Stage 2. The radioactive (or “dirty”) water from the reactor is sent in a loop to heat a reservoir of fresh, clean water.

Stage 3. Once the clean water is heated, it turns into steam, which powers the generator’s turbine.

1. Pipes and vessels located within the containment structure at a nuclear power plant are in a high-radiation area. Workers in these areas are exposed to this radiation and must wear full-body protective gear. Remote visual inspection is a way to enhance worker safety by keeping workers farther away from high-radiation areas as inspections are performed. Courtesy: Olympus

The pipes and vessels located within the containment structure are in a high-radiation area (Figure 1). Even with anticontamination suits and other personal protective equipment (PPE), workers who perform inspections in this area will inevitably be exposed to higher doses of radiation.

RVI offers a way for workers to carry out inspections in hazardous locations without physically entering the area. As well as letting workers maintain a safe distance from high-radiation areas, a videoscope equipped with a long insertion tube can enable the inspection of difficult-to-access locations, such as water conduits. The longer the insertion tube, the farther away the workers can be from the radiation.

Videoscope Durability in Radioactive Conditions

Unfortunately, even the best videoscope equipment (Figure 2) doesn’t come out completely unscathed when exposed to radiation. If the insertion tube is used to inspect dirty-water-filled pipes, contamination is inevitable, and damage is also a possibility.

2. Videoscope equipment can be damaged when exposed to radiation. Insertion tubes used to inspect water-filled pipes can become contaminated, and decontamination can be considered too costly. A plant operator may opt to sacrifice the tube, leaving it permanently in the radiation area. Courtesy: Olympus

For example, with long-term exposure, the clear fiberoptic material used in insertion tubes for illumination can begin to turn yellow. This yellowing causes it to absorb light, reducing the intensity at the tip. The tube’s image sensor is more susceptible to damage from short, high doses of radiation, which can result in a noisy, or milky, image on the videoscope screen.

When the equipment is used in high-radiation areas, in some instances, decontaminating the equipment may be considered too costly and risky for the health of the workers. The plant may opt to sacrifice the insertion tube, leaving it permanently in the radiation area.
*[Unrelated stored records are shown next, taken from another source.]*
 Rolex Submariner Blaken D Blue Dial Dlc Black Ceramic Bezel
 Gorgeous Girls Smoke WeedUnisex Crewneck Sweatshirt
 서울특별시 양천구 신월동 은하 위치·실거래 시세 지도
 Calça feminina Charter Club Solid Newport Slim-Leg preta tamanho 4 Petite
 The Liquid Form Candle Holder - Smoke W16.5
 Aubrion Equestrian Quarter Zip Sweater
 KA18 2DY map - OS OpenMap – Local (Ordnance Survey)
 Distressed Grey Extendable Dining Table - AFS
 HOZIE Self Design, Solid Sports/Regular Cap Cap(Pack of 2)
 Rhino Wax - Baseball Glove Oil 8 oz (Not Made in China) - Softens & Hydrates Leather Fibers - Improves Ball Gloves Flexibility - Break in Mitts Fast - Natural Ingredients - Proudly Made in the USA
Regardless, the insertion tube and the videoscope need to be robust enough to satisfy the requirements and expectations of the nuclear plant’s safety inspection and maintenance programs. That’s why manufacturers build systems with features that enable them to survive longer in radiation areas.
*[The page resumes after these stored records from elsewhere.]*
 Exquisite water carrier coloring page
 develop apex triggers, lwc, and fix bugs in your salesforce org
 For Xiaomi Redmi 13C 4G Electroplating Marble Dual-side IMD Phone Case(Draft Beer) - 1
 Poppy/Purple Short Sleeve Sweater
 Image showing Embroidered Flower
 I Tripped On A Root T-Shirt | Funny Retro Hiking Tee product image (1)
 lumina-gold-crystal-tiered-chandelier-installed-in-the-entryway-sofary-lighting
Effective Nuclear Power Plant Videoscopes

There are five features that make videoscopes more effective for use in nuclear power plants. The attributes and a brief explanation of each follows.
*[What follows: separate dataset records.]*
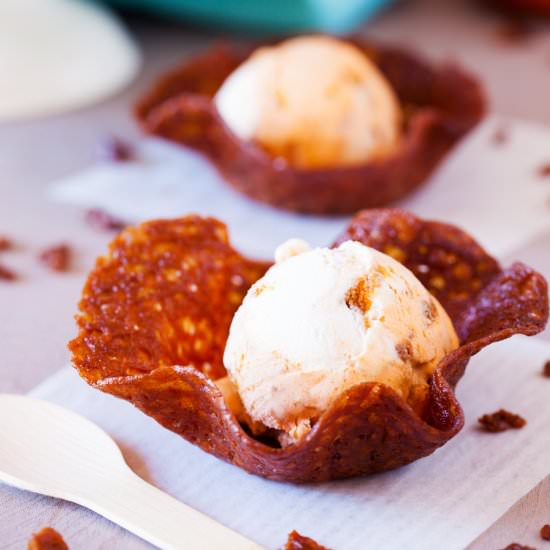 Gingersnap Cookie Cups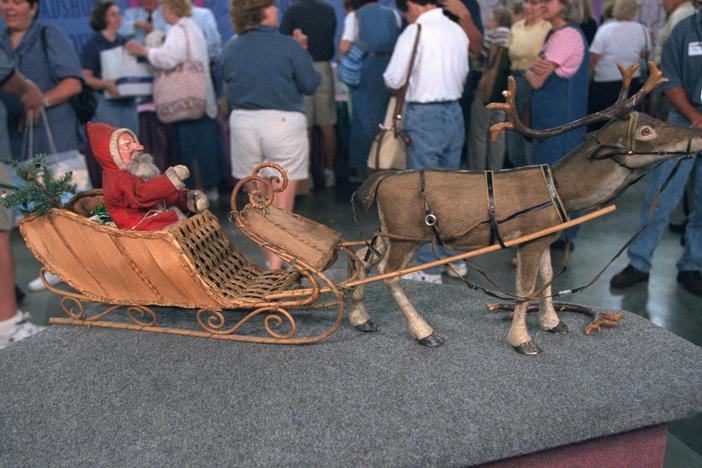 Appraisal: Santa & Reindeer Display, ca. 1925, from Vintage Indanapolis.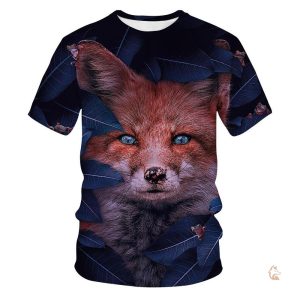 T-Shirt Renard avec motif d'ami des batraciens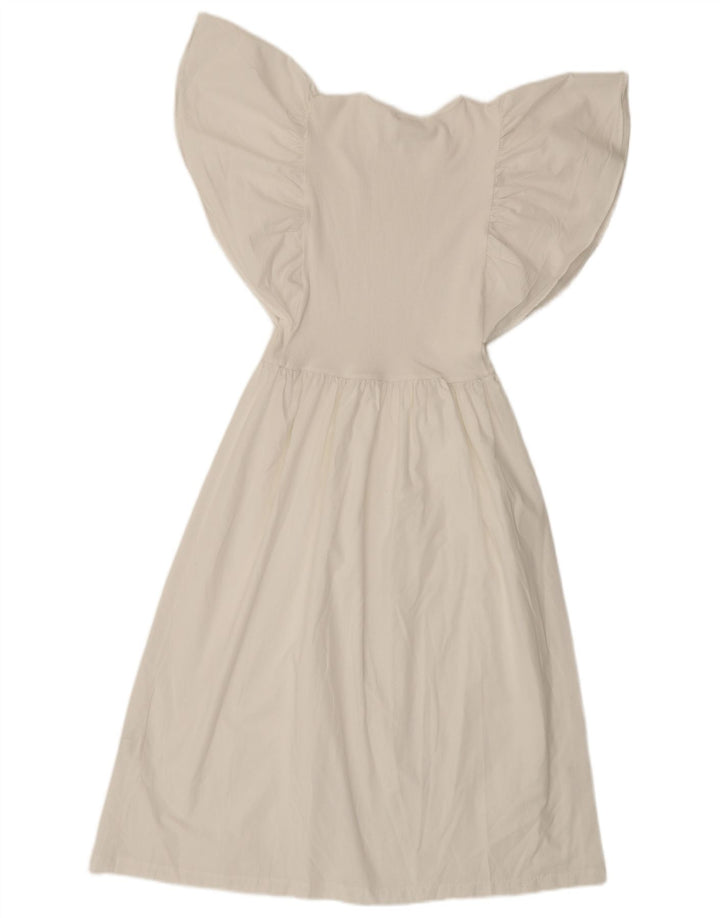 Damska sukienka o linii A w kształcie skrzydła nietoperza Zara UK 8, mała, złamana biel, poliester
Resistant to Radiation Damage. Even after being exposed to 200,000 rad (a unit that measures an absorbed radiation dose), the laser illumination and CCD (charged coupled device) image sensor should still work. Depending on the type of radiation, 1 rad is roughly equal to between 0.01 to 0.2 Sv. That means the insertion tube can withstand many times more radiation than the established safe limits for workers—about 40,000 to 800,000 times a person’s annual exposure limit.

Inspect from a Safe Distance. Extra-long insertion tubes enable workers to make inspections from a safe distance. A tube up to 30 meters (100 feet) can be fed into dirty water pipes in the radiation containment area, and workers can control and maneuver it from afar.

Tough Tube. With such a long insertion tube, there’s a lot of potential for damage. However, the videoscope’s insertion tube should be engineered to resist abrasion with a protective tungsten braided outer layer.

See the Light. A powerful light source that provides enough illumination to inspect the inside of a pipe or vessel from far away is essential. A powerful laser illumination system, coupled with wide, dynamic extended range image processing will deliver bright, contrast-balanced images across the entire depth of field.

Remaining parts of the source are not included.